IFEvalCode: Controlled Code Generation

Paper · arXiv 2507.22462 · Published July 30, 2025

Code large language models (Code LLMs) have achieved significant advancements in various code-related tasks, particularly in code generation, where the code LLMs produce the target code from natural language descriptions. However, in realistic scenarios, users often expect the returned code to strictly follow the given detailed requirements in many aspects (e.g. the style of code, the number of code lines, or the number of lines), instead of only requiring the correctness of the generated code. Controlled code generation means that the generated response from code LLMs should adhere to specific human guidelines or standards, whereas the LLM should have a strong instruction-following capability in the field of the code. In this paper, we propose forward constraints generation and backward constraints generation for controlled code generation to enhance the capability of LLM in following human instructions. Then, we build a multilingual benchmark IFEvalCode to evaluate the code instruction-following capability of the LLMs.

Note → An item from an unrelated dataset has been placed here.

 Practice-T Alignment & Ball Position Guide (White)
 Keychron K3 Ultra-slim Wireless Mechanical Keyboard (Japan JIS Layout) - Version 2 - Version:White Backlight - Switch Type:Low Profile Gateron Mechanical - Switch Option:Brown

Most existing code benchmarks [11], such as HumanEval [13], BigCodeBench [86], and MBPP [6] are designed to evaluate the correctness of generated code by code execution with the unit tests. Further, some benchmarks, such as Chatbot Arena [80] and CodeArena [69] are proposed to evaluate the alignment between the model-generated response and human preference using the LLM-as-a-Judge. For the general domain, IFEval [85] is proposed to evaluate the proficiency of LLM in controlled text generation, where the instructions are amenable to objective verification of compliance. In the field of code, in addition to requiring the generation of correct code, users often also require the generation of code meeting various objective requirements, such as code style, variable naming, specific algorithms, time complexity, etc. Therefore, we try to explore the proficiency of LLMs in controlled code generation by designing a framework to enhance and evaluate the capabilities in code instruction following.